As I grew older I had to wear glasses and now I was called “four eyes” and “cross eyed”. As we all know children can be so cruel. I wanted so badly for my eye to be straight. I learned how to align my eyes with other people’s eyes as I was talking to them. This was a huge leap of faith for me to look others in the eyes, since I was only too often asked “what are you looking at?” or “are you talking to me?” Having a conversation that included eye contact was very difficult for me. I believed that it was respectful, showed you were listening, and making a deeper personal connection, when you looked someone in the eyes while talking to or with them.

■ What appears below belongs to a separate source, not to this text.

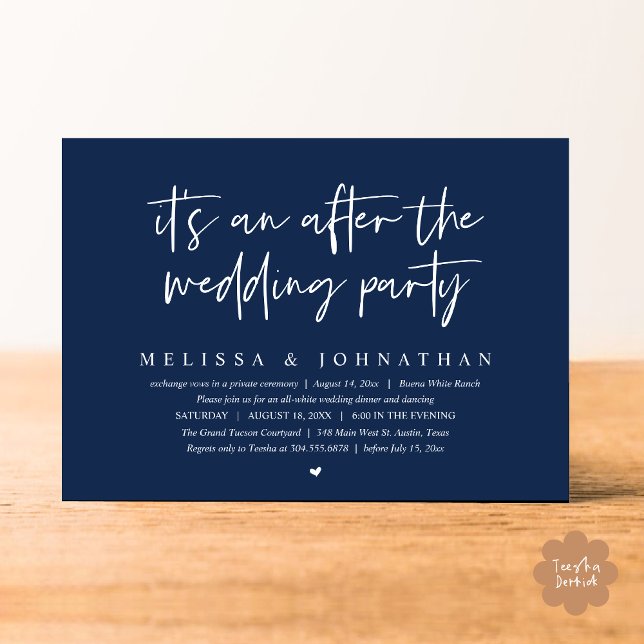 It's an after the wedding party, Romantic Dinner Invitation (It's an after the wedding party, Modern Romantic Dinner Celebration Invitation Card PDF Navy Blue)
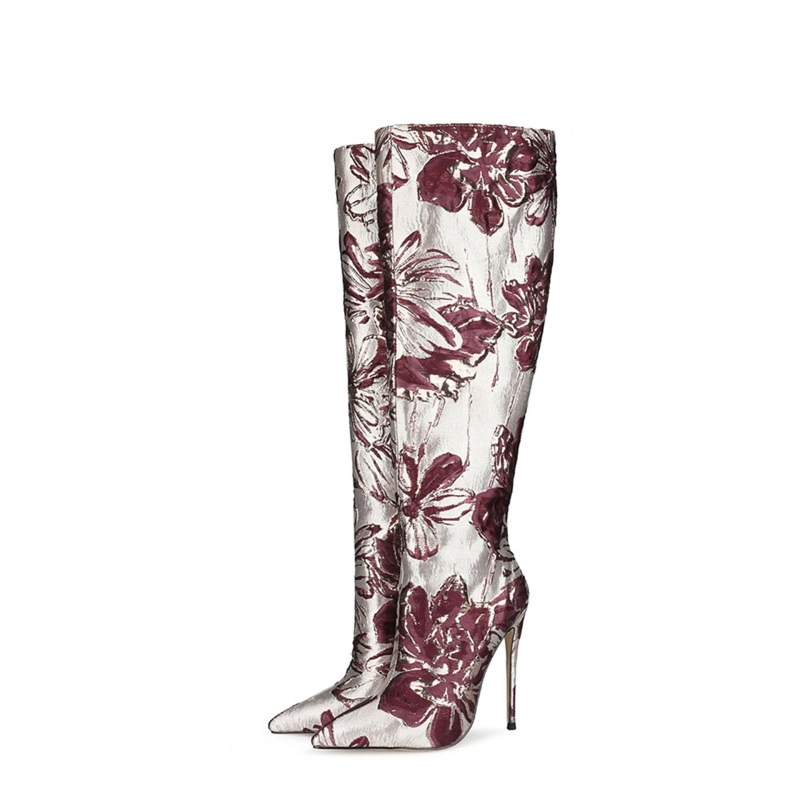 Flower Embroidered Stiletto Boots Metallic Pointed Toe Knee High Boots - Image 11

As time went on, I started a deep spiritual quest and found through my spiritual understanding that the eyes are often considered to be the windows to the soul. I so wanted to make eye contact with everyone out of respect to all living beings and to have a spiritual connection. This is still difficult to do with my ‘lazy” eye, but I have become very competent at aligning my eyes with others and not giving into the fear that others will not know I am talking or trying to have a sincere connection with them as spirit.

I have never truly understood why I was born with this disorder, but I do know that a lazy eye does not make me a lazy person. Only twice in my life has someone told me that they found my lazy eye kind of cute. Thanks for those words; they made up for all the horrible comments I had to deal with as a child.